According to a spokesman for the OSCE’s vote-monitoring arm, the Office for Democratic Institutions and Human Rights (ODIHR), the observers, among them several dozen European parliamentarians, plan to visit 80 percent of some 1,900 polling stations across Armenia on voting day. “It’s a very good coverage,” Jens-Hagen Eschenbacher told RFE/RL.
“Observers will arrive at polling stations unannounced,” he said. “It is not known in advance which polling station will be covered.”
According to the Central Election Commission, the voting and counting of ballots will also be watched by as many as 14,000 local monitors representing about 40 Armenian non-governmental organizations as well as a comparable number of proxies to be deployed by the candidates.
One of the candidates, Baghdasarian, and his Orinats Yerkir Party opened a hot line for citizens witnessing instances of ballot stuffing, vote buying and other types of fraud. A similar hot line was also launched by the office of Armenia’s state human rights ombudsman, Armen Harutiunian. Harutiunian told RFE/RL that his employees will cooperate with civic groups in reacting to possible fraud reports.

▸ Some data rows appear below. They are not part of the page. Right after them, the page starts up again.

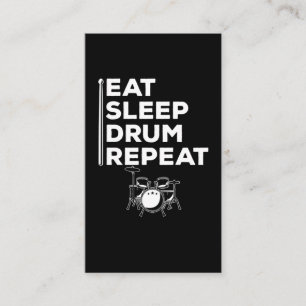 Funny Drummer Music Lover Drumming Business Card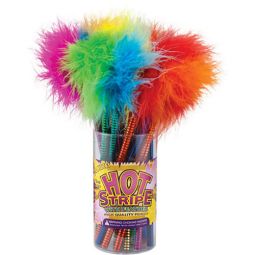 Hot Stripe Feather Pencils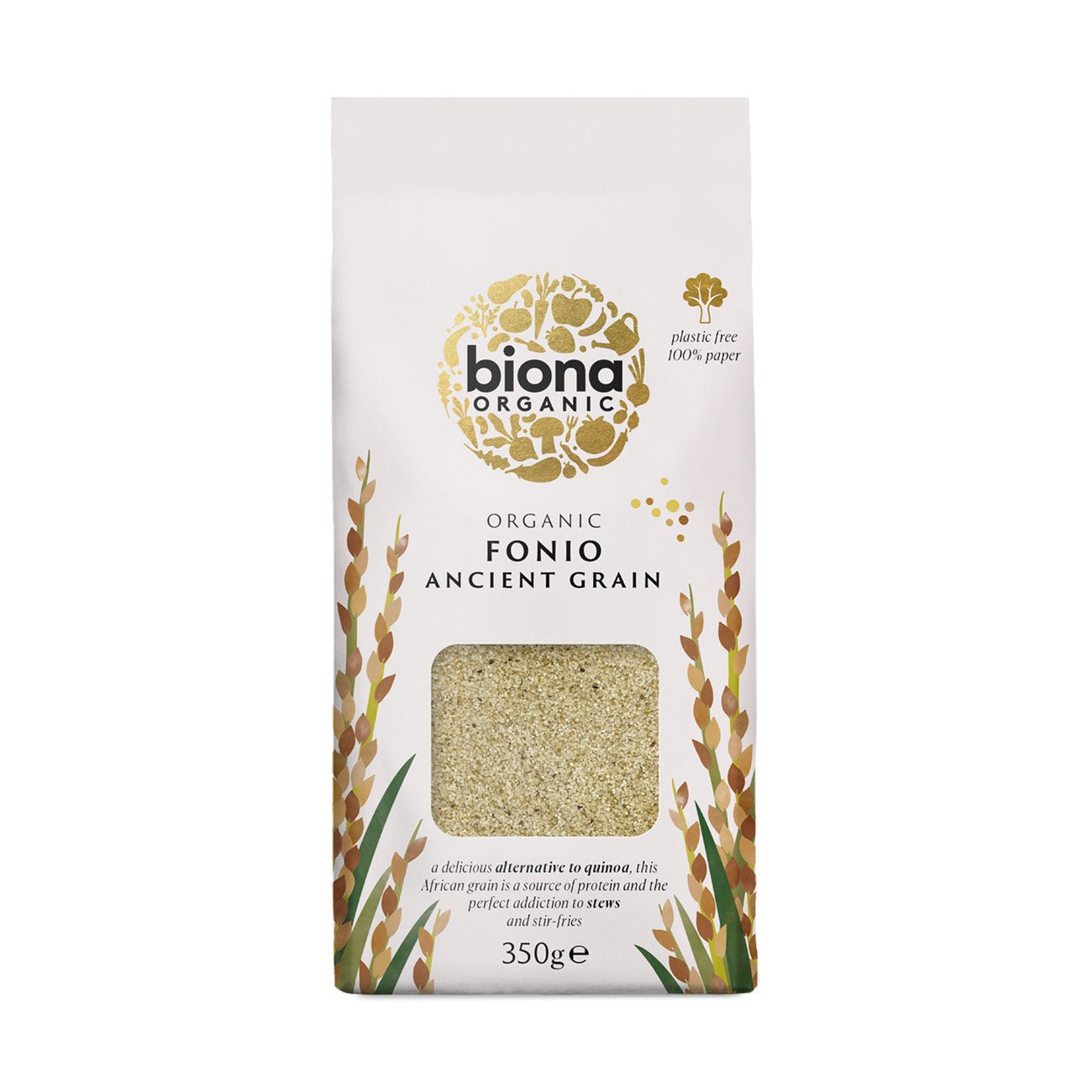 Fonio Ancient Grain 350g - Biona - Grains - Eco Natural Products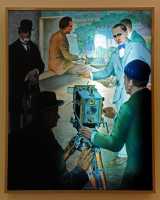 18 R.Clair filme M.Duchamp dans Entracte- E.Sati à gauche (1924)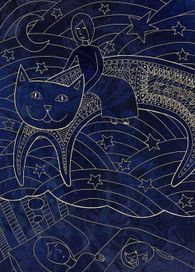 Сновидения и тёплые коты (тёмная)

Also pledging anti-fraud efforts was the opposition Zharangutyun Party, which is also represented in the parliament and election commission. A senior Zharangutyun member, Stepan Safarian, said the party will release voter turnout figures once in every three hours based on information received from its commission members and observers.
“We will try to check the figures which election commissions will be submitting to the Central Election Commission. That way we will try to ensure an oversight of the elections.” Safarian told reporters, adding that Zharangutyun has formed several “rapid reaction groups” that will be ready to arrive at troubled polling stations.
Safarian also claimed that his party has already received “credible reports” of vote buying in and outside Yerevan. But he offered no proof of the claims, saying that it will be made public after the election.
For her part, Zoya Tadevosian, the CEC member affiliated with Zharangutyun, claimed that the chairman of a precinct commission in Yerevan’s southern Erebuni district illegally validated Monday thousands of ballots. She said her attempts to get the CEC to stop the official doing that were unsuccessful.
However, two other members of the CEC affiliated with the governing Republican Party and the Armenian Revolutionary Federation (Dashnaktsutyun) told RFE/RL that their proxies have not registered any irregularities so far.